THE FIRST ELECTION TO THE SENATE.
The abrogation of the Missouri compromise was followed by the arbitrary enforcement of the Fugitive Slave act in important Northern cities, and by a determined struggle between freedom and slavery for the possession of the virgin soil of Kansas. These phases of "the irrepressible conflict" were attended by many exciting incidents which constantly strengthened the new anti-slavery party in the North and in the end made it the main competitor of the Democracy in the presidential election of 1856. The decisive character of its victory in Michigan in 1854 made Republicanism especially strong in that State, and the events of each successive month of 1855 and 1856 added to its power both in numbers and in sentiment. Throughout this period Mr. Chandler labored, in public and in private, and with earnestness and effect, to inspire the new party with vigor of conviction and unflinching firmness of purpose. No man did more than he to make it thoroughly "radical," and his former prominence as a Whig rendered his efforts especially fruitful. His earliest Republican speeches did not differ from his latest in courage of opinion, in plainness of expression, or in manifest sincerity of conviction. On September 12, 1855, he addressed, with Henry Wilson, an immense mass-meeting at Kalamazoo, and denounced the border-ruffian crimes in Kansas in the strongest terms. On the 30th of May, 1856, he was one of the speakers at a large meeting held in the city of Detroit to consider the assault of Preston Brooks upon Charles Sumner. He there gave expression to Republican indignation in the plainest language. After fitly describing the era of pro-slavery murder in Kansas, and the recent crime of "a cowardly assassin on the very floor of the Senate of the United States," he offered two resolutions, one demanding the impeachment of Franklin Pierce for his action in relation to Kansas, and a second to expel Rust, of Arkansas, for his attack upon Horace Greeley, and Preston Brooks for his assault on Mr. Sumner. Then he said in substance:
This is not a time for argument. It is a time for action, for speaking boldly and fearlessly.... This assault is upon the entire North. So long have craven doughface representatives sat in her places in Congress that the South has come to doubt our manhood.... We should uphold the hands of our representatives, and tell them that an indignity offered to them is an indignity offered to us. [Applause.] ... The resolution calling for the impeachment of the President is one proper to be offered.

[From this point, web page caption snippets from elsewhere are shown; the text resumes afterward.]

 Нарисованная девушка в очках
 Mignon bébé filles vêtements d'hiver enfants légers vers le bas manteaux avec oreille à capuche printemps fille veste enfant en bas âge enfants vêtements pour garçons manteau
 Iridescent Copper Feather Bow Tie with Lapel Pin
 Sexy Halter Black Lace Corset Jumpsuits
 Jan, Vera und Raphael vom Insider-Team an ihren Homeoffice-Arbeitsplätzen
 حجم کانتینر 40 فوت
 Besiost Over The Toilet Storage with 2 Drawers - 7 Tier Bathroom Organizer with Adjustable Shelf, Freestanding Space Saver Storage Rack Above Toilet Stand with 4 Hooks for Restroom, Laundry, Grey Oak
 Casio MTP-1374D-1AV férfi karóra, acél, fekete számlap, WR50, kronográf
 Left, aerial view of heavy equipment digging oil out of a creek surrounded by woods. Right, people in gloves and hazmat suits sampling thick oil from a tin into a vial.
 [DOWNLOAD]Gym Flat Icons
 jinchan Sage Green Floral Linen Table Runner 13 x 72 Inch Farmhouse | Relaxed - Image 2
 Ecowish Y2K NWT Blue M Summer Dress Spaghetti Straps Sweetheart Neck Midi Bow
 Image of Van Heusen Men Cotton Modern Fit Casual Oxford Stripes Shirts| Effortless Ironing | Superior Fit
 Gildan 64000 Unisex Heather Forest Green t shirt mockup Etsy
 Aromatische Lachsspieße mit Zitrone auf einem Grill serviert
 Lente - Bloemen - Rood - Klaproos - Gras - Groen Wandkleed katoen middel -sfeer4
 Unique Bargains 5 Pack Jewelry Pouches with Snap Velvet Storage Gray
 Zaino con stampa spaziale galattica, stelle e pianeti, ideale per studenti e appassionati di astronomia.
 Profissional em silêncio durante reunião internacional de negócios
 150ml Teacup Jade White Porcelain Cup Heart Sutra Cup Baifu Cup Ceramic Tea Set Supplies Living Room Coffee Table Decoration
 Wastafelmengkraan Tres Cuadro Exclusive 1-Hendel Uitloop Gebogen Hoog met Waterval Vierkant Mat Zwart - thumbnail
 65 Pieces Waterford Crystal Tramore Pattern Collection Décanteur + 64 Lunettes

He has connived at and aided all this Kansas treachery and wrong. He supports the bogus Legislature of Kansas and orders its odious laws enforced. If Thomas Jefferson was to read his preamble to the Declaration of Independence in Kansas, he could be condemned by those laws to imprisonment in the penitentiary for two years.... What the British did at Lexington, the United States troops, under the orders of President Pierce, did at Lawrence. Our fathers resisted by all means in their power. We should imitate their example. What should we do?... We should send enough men there to put Kansas in a peaceable condition.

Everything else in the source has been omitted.